▸ **EXERCISE DETAILS**: The answer must consist only of the lines from the line with "Olympiade Winterspiele St." to the line with "How Well Do", both included, exactly as they stand below.
# # # #
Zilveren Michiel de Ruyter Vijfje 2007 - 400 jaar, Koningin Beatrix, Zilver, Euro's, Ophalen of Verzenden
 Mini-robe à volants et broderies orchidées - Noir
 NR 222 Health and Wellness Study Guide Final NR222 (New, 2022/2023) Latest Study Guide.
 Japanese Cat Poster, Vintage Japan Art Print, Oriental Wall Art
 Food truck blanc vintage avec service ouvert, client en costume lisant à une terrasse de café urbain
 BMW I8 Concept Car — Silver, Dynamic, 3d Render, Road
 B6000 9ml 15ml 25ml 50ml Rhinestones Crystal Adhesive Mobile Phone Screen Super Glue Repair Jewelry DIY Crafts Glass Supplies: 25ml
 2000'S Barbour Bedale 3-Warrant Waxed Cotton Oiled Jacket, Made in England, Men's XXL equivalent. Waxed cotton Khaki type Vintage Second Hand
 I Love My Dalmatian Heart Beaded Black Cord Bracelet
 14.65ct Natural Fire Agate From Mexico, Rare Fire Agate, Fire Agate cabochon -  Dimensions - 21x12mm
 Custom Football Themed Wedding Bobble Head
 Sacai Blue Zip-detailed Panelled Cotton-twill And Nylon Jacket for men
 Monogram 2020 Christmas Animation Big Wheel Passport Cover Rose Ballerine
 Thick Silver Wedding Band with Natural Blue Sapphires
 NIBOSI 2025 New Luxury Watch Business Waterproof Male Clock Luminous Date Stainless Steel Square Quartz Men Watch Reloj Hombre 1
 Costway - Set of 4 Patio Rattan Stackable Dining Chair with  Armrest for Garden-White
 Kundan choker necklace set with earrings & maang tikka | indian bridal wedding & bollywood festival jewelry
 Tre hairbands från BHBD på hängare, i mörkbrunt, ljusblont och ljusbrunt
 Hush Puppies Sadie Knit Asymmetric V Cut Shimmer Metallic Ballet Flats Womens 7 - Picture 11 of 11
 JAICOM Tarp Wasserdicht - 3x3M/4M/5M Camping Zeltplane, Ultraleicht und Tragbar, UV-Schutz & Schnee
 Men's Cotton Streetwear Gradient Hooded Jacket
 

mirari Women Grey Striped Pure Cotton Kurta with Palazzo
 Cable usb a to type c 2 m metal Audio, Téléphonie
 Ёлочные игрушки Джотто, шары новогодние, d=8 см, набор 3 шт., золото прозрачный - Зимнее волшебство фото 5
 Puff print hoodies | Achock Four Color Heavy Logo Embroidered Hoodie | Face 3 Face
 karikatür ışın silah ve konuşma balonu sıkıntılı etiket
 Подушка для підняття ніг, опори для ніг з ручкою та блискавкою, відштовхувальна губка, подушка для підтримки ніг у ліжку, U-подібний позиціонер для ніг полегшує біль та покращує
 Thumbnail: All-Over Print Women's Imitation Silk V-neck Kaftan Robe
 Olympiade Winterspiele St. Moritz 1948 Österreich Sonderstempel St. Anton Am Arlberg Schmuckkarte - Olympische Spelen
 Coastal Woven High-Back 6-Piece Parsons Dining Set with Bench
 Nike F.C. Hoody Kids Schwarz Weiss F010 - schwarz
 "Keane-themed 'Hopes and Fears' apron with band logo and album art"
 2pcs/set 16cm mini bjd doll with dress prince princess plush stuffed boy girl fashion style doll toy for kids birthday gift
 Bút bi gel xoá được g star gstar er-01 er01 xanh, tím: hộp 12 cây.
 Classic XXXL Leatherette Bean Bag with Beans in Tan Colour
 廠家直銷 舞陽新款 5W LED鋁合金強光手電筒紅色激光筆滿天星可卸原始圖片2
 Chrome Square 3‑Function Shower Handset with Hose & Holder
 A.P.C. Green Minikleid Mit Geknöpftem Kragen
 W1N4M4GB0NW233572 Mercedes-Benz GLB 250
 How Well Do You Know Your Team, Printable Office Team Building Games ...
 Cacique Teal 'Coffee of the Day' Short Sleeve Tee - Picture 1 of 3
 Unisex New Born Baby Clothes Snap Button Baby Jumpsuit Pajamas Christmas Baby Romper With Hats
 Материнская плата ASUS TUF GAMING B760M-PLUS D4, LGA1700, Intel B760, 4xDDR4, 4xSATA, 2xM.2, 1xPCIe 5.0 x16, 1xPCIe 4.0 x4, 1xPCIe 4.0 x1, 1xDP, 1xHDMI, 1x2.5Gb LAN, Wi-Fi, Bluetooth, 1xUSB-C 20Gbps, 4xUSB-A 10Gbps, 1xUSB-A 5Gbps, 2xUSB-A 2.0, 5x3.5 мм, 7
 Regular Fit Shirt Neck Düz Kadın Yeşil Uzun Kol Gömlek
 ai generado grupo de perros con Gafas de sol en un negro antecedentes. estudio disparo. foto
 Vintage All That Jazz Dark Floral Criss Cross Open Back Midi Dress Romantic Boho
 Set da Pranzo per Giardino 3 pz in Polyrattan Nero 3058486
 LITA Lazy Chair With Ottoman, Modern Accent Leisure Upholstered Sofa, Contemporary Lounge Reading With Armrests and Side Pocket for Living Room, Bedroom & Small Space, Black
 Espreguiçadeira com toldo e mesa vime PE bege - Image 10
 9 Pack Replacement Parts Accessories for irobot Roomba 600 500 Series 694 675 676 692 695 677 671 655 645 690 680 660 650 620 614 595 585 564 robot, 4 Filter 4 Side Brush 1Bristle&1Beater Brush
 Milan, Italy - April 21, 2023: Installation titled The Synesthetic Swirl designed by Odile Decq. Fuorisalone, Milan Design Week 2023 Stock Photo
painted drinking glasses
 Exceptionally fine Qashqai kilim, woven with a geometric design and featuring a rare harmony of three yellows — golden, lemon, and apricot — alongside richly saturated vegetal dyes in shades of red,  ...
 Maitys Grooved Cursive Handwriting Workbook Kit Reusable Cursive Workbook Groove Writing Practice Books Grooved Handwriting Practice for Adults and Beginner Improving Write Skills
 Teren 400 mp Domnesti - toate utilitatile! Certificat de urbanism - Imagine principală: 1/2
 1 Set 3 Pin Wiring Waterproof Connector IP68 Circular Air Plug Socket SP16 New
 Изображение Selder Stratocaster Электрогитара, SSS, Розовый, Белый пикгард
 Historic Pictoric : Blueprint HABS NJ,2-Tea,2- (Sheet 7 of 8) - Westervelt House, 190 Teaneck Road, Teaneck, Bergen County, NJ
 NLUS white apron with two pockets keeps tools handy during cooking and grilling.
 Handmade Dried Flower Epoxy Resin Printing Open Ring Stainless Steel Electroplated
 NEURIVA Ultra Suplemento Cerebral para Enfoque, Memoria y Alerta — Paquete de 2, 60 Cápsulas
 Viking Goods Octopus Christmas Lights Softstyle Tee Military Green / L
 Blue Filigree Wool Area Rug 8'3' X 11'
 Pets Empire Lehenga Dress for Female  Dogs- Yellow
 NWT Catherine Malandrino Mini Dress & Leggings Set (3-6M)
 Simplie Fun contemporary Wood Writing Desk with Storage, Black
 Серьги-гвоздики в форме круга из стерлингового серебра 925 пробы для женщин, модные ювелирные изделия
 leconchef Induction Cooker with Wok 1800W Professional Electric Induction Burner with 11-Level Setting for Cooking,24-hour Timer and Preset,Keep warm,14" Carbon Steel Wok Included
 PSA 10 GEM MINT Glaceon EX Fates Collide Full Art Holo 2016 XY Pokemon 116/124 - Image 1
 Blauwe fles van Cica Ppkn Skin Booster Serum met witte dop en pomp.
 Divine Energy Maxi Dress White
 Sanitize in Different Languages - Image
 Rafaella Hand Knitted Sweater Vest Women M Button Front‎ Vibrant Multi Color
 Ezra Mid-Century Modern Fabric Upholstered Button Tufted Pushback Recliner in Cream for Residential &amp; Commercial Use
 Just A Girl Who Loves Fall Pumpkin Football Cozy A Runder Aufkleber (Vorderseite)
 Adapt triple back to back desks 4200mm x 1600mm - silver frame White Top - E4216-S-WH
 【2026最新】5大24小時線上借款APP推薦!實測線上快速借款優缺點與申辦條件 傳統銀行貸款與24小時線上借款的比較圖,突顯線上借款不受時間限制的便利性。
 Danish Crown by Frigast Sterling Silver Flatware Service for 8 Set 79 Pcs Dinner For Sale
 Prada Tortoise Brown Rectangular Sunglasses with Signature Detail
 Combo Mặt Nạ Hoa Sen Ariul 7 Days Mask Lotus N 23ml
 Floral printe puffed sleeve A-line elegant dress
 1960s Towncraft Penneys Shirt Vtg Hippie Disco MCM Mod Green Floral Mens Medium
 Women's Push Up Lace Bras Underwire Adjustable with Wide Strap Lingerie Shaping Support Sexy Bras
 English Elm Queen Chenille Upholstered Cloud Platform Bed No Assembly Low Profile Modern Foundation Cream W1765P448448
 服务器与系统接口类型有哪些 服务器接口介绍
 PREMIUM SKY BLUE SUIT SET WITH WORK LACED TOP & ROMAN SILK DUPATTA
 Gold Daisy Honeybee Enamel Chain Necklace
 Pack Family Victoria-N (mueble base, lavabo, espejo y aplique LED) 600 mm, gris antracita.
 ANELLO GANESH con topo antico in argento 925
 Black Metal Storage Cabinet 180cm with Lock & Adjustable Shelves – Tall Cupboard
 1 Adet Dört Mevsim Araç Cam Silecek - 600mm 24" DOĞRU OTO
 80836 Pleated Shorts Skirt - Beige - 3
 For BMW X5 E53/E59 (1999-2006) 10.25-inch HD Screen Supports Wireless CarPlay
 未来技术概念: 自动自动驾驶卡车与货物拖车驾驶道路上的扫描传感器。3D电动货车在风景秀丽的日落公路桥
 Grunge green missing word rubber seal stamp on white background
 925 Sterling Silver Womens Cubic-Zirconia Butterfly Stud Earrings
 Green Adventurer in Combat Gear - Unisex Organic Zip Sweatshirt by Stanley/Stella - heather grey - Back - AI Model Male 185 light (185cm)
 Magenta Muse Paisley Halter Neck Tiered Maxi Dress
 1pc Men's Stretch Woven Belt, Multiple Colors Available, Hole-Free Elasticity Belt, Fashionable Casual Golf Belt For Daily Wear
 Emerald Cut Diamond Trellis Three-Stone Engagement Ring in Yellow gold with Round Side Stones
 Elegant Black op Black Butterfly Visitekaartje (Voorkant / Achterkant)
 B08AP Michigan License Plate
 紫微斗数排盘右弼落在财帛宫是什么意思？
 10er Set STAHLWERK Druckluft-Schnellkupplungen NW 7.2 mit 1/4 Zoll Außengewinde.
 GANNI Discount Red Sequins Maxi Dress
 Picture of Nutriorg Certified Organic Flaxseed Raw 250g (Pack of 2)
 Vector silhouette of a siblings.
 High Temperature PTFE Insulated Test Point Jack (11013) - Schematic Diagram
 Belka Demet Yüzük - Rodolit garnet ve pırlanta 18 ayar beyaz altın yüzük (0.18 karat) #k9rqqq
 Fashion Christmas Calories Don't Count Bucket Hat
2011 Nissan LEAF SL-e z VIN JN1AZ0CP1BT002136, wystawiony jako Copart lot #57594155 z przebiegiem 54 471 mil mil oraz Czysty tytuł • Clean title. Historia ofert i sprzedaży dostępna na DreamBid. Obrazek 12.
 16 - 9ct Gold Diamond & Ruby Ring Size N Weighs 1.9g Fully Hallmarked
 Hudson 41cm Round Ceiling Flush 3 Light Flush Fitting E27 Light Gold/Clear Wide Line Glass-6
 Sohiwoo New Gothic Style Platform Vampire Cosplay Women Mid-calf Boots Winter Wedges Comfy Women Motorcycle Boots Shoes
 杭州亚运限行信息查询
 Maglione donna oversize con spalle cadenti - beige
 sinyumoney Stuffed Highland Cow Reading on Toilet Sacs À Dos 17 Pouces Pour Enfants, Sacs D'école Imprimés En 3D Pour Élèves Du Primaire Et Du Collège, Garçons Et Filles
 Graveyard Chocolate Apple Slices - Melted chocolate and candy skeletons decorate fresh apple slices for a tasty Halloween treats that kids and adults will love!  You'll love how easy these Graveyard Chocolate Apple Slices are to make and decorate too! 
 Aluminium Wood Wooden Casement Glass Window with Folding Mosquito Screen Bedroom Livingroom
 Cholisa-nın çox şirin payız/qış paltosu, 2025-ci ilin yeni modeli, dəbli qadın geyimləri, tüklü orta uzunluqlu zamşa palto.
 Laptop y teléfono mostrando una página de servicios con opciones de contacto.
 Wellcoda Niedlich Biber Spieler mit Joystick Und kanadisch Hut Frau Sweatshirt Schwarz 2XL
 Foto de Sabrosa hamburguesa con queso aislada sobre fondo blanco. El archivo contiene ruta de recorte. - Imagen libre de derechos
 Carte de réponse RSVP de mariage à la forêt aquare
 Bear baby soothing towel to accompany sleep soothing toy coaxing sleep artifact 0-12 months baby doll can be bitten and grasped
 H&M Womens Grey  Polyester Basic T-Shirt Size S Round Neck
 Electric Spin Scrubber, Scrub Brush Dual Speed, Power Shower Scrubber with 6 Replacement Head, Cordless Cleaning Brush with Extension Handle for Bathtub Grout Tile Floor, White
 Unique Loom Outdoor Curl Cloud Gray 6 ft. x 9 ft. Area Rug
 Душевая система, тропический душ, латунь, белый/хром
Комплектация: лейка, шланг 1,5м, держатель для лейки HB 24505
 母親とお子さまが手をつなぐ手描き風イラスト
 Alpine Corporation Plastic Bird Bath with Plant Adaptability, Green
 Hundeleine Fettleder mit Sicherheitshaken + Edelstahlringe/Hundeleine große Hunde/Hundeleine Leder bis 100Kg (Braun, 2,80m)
# # # #
▸ **ANSWER SECTION**:
 Olympiade Winterspiele St. Moritz 1948 Österreich Sonderstempel St. Anton Am Arlberg Schmuckkarte - Olympische Spelen
 Coastal Woven High-Back 6-Piece Parsons Dining Set with Bench
 Nike F.C. Hoody Kids Schwarz Weiss F010 - schwarz
 "Keane-themed 'Hopes and Fears' apron with band logo and album art"
 2pcs/set 16cm mini bjd doll with dress prince princess plush stuffed boy girl fashion style doll toy for kids birthday gift
 Bút bi gel xoá được g star gstar er-01 er01 xanh, tím: hộp 12 cây.
 Classic XXXL Leatherette Bean Bag with Beans in Tan Colour
 廠家直銷 舞陽新款 5W LED鋁合金強光手電筒紅色激光筆滿天星可卸原始圖片2
 Chrome Square 3‑Function Shower Handset with Hose & Holder
 A.P.C. Green Minikleid Mit Geknöpftem Kragen
 W1N4M4GB0NW233572 Mercedes-Benz GLB 250
 How Well Do You Know Your Team, Printable Office Team Building Games ...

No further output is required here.